I did not go this route; I developed my own form of mental toughness. I used
to be insecure as a kid, and some other kids picked on me, and eventually I
learned to not care what other people thought. Especially if their opinion
leads them to be negative about vulnerable people, it's their opinion that
sucks, not the vulnerable people. So ignore that stupid opinion.

This has worked very well for me, but at the same time, I worry if I'm not too
detached from other people, from their emotions, and from my own. My empathy
exists mostly on an intellectual level, and not really an emotional level.

So it works, but now that I read your comment, I think it may not be the best
outcome. Embracing vulnerability, your own and that of others, sounds like a
better idea.

------
anotheryou
Go meta. for love, health and existential fears it won't necessarily help, but
everything else can't be _that_ important.

trying to take a step back is helpful to find solutions and underlying
problems anyways.

for "interpersonal hardening" it helps to understand why others act the way
they do (for negative behavior it's usually fear once you dig deep enough)

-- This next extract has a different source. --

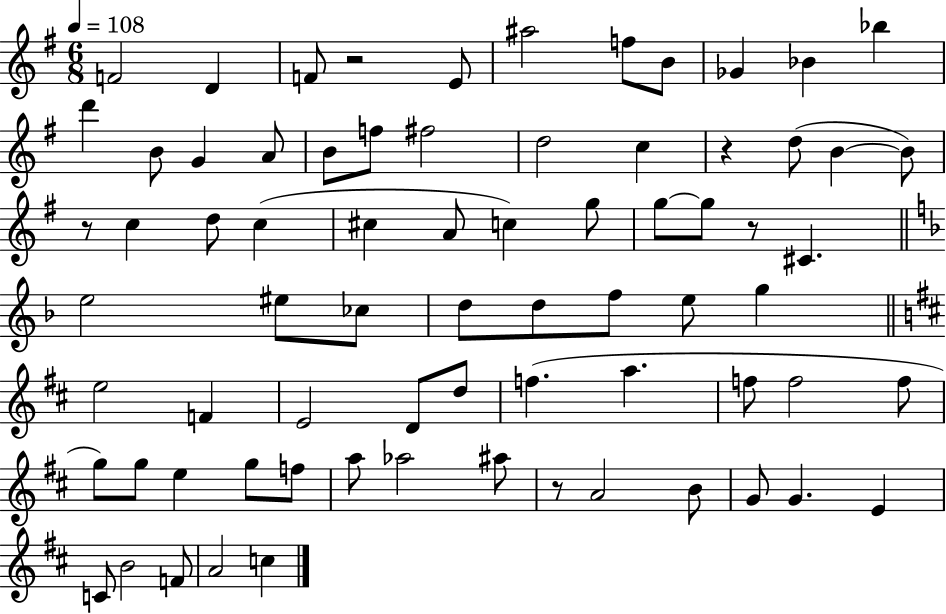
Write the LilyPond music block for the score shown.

for myself I approach it slightly different: I don't fight my feelings, even
if it needs secretly shedding a tear at home. only after having dealt with the
emotions I can again take a step back, analyse causes and consider actions.

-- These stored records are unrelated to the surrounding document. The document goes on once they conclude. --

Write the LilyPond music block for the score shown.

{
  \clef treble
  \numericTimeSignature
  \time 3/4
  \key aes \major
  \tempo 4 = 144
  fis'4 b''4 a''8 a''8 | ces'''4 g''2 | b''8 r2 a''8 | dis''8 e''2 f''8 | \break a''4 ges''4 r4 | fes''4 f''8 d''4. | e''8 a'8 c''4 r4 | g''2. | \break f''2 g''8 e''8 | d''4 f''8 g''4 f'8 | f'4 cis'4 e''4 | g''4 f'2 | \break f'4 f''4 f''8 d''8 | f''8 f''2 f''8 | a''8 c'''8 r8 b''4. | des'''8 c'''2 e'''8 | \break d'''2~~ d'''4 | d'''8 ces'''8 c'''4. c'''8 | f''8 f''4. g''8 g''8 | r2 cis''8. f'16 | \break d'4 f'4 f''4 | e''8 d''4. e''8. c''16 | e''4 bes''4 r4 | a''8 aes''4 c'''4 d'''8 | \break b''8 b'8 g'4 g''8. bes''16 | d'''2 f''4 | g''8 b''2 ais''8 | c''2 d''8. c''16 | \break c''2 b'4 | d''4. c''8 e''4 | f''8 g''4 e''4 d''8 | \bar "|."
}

and lastly: find someone to talk to. this could even be an anonymous internet
friend, if you are not comfortable sharing things with someone close by. they
can assure you you are not alone and automatically have a healthy outside
perspective.

edit: and I actively avoid unnecessary social stress (toxic people, unhealthy
hierarchies or simply the social pressure in some sorts of group work if not
worth the pain (playing in a lovely band: yes! half assing a shared side
project you are not really on to: no!))

------
err4nt
It's not about what you can resist, it's about what you have the capacity to
endure.

One tactic that helps me through the tough bits are to think of a time that's
been harder/more painful/tougher and remind myself: "I've already been through
worse before, and from this point forward it will only get better"

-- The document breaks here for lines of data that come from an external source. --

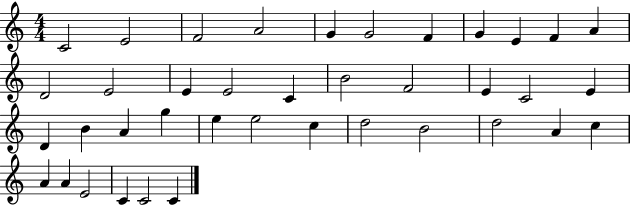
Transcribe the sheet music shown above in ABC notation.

X:1
T:Untitled
M:4/4
L:1/4
K:C
C2 E2 F2 A2 G G2 F G E F A D2 E2 E E2 C B2 F2 E C2 E D B A g e e2 c d2 B2 d2 A c A A E2 C C2 C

Another thing I do to try to support myself is to switch what I'm doing.
Sometimes we get stuck in a rut like a car spinning our wheels in the mud -
spending a lot of energy but not making and progress. Maybe it's time to step
out of the car and put some branches down, or take a different tactic. If you
ever feel like you're just spinning your wheels and not getting anywhere,
switch up your approach! Even if progress is slow, your energy isn't wasted
and you don't sit there an anguish waiting for _something_ (anything) to
happen to save you from it.

Another thing you can do to get a thicker skin (toward what others say) is to
hop on IRC, or Twitter, or Facebook, or Slack, or Discord, or wherever people
go to be snippy and nasty to each other. It won't be long before some trolls
or malicious actors come along and try to get under your skin. Don't let them.
Every time it happens it's easier to do!

------
vitomd
Learn Stoicism.

My favorite classic is Enchiridion by Epictetus and Letters from a Stoic by
Seneca. For a more modern approach: The Antidote: Happiness for People Who
Can't Stand Positive Thinking by Burkman

PD:I compiled a list of quotes from the best books
[http://arandomquote.com/categories/stoic/](http://arandomquote.com/categories/stoic/)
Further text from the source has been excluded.